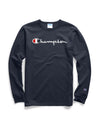 Champion Life Mens Long Sleeve Tee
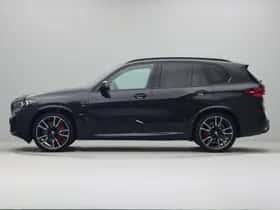 BMW X5 (2026) thumbnail 8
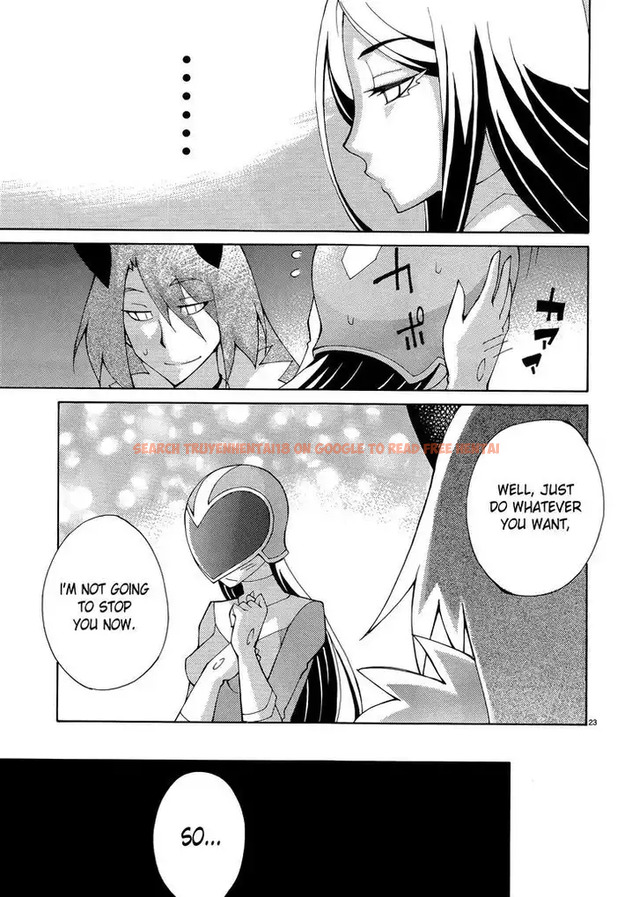Read Hentai Image 22 685 in comic Blade Play - Chapter 34 - www.hentaitnt.net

> **Task item**
All of the material above should be output exactly, with the pictures left behind.

> **Solution for this exercise**
 Champion Life Mens Long Sleeve Tee
 BMW X5 (2026) thumbnail 8
Read Hentai Image 22 685 in comic Blade Play - Chapter 34 - www.hentaitnt.net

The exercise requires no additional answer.